What is expected |
Reproduce only this stretch of the listing below: from the line with "Dark Garnet Red" through the line with "Snoopy And Woodstock", exactly as written, with pictures excluded.
*** Opening of Supplied material ***
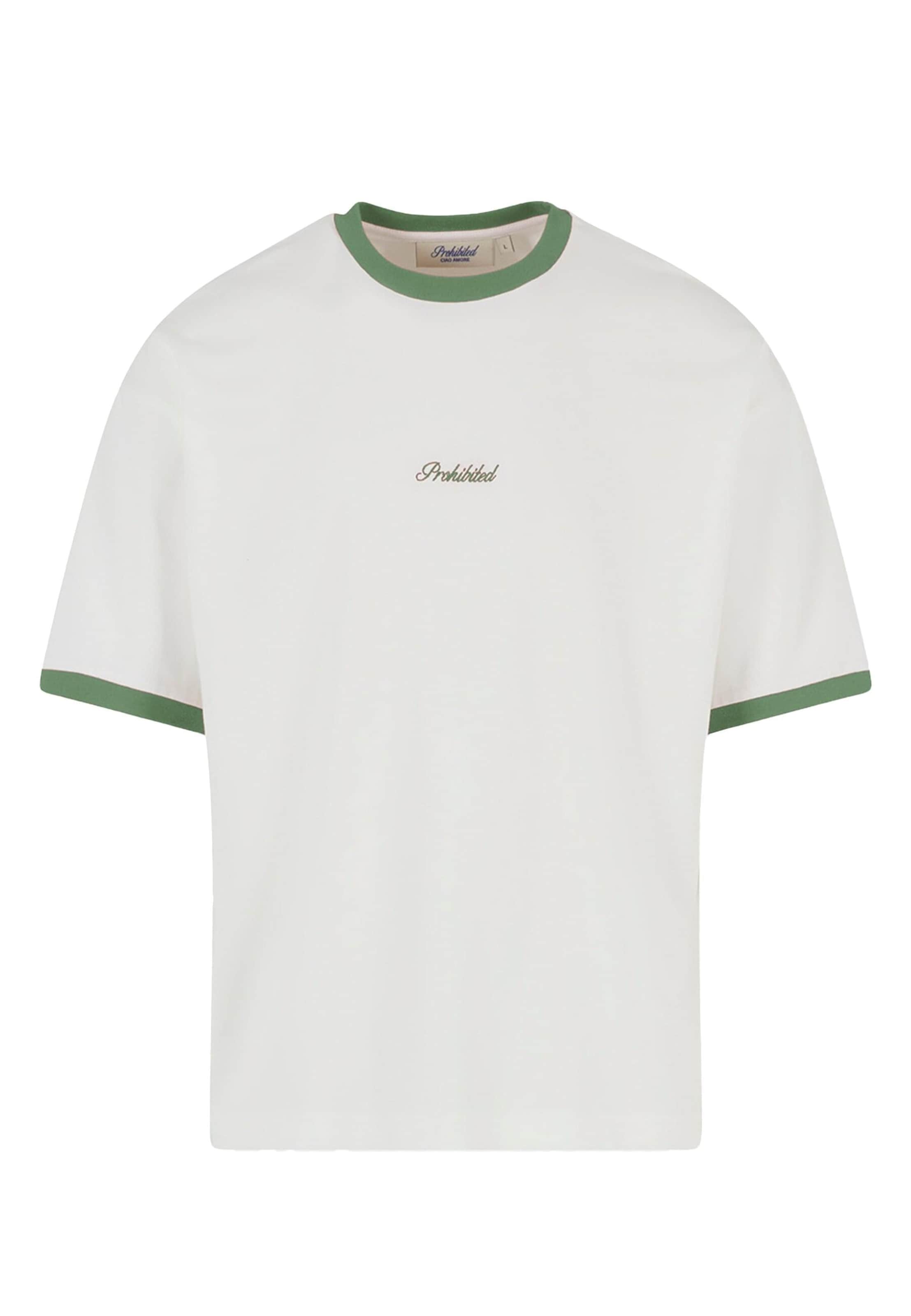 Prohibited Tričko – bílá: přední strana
*** Close of Supplied material ***
*** Opening of Supplied material ***
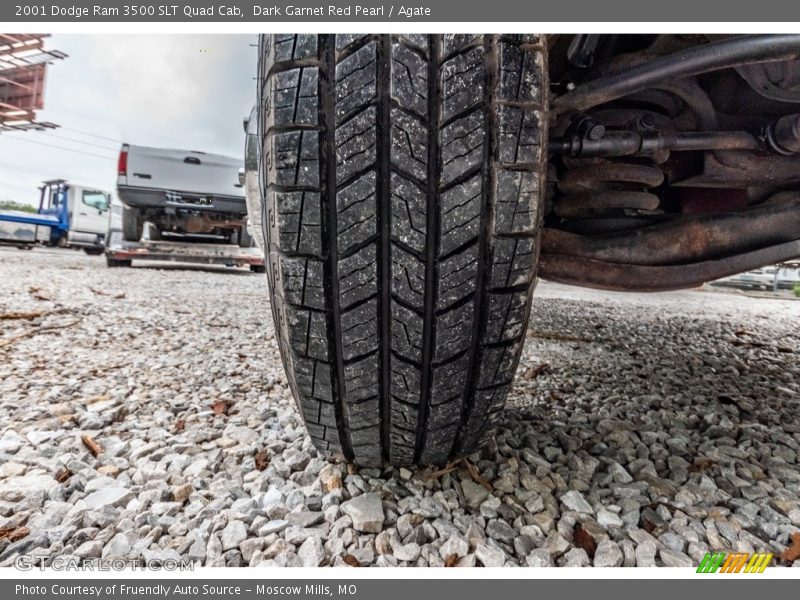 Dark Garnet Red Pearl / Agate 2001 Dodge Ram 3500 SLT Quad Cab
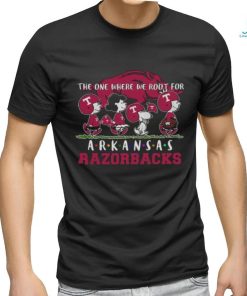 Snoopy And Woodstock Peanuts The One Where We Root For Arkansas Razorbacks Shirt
*** Close of Supplied material ***
Task answer |
 Dark Garnet Red Pearl / Agate 2001 Dodge Ram 3500 SLT Quad Cab
 Snoopy And Woodstock Peanuts The One Where We Root For Arkansas Razorbacks Shirt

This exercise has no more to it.